Excerpted records START

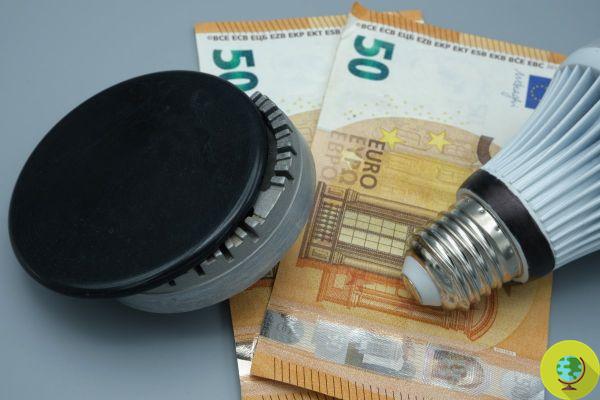 Dear bills, the one-off 200 euro bonus arrives in the Aid Decree. Who is it and how to get it
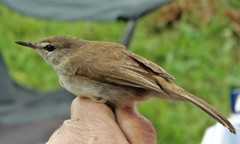 Acrocephalus scirpaceus baeticatus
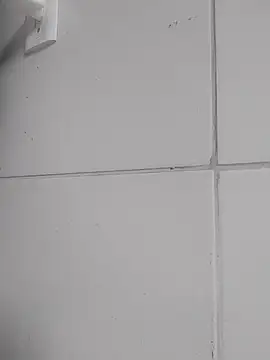 Show de webcam de Misterymem63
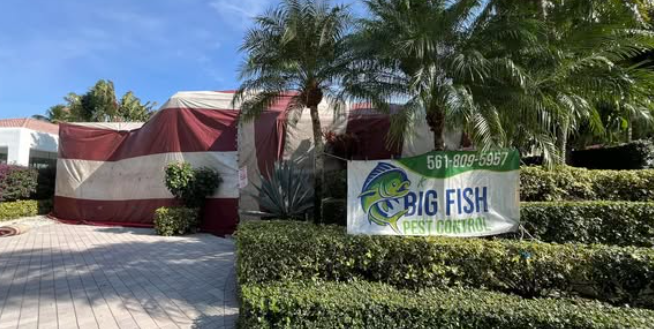 Big Fish Pest Control LLC - Boynton Beach, FL
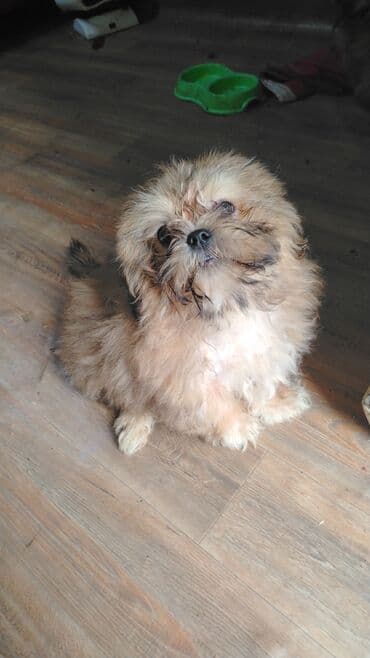 купить хаски щенка: Ши-тцу, 4 месяца — 1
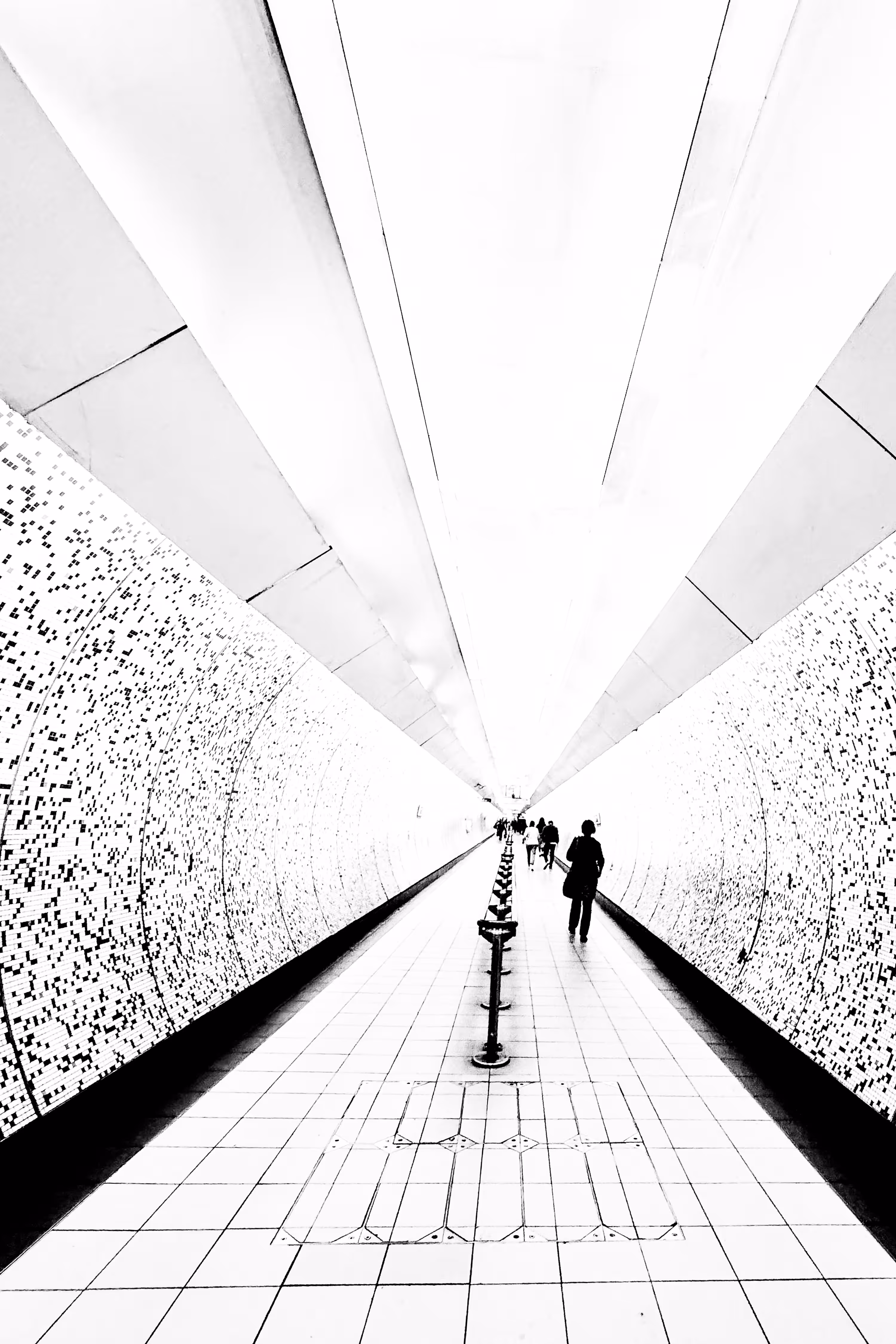 towards THE light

Excerpted records END

▶ [Prompt]:
An exact copy of all entries is needed, with no pictures in it.

▶ [Exercise solution]:
 Dear bills, the one-off 200 euro bonus arrives in the Aid Decree. Who is it and how to get it
 Acrocephalus scirpaceus baeticatus
 Show de webcam de Misterymem63
 Big Fish Pest Control LLC - Boynton Beach, FL
 купить хаски щенка: Ши-тцу, 4 месяца — 1
 towards THE light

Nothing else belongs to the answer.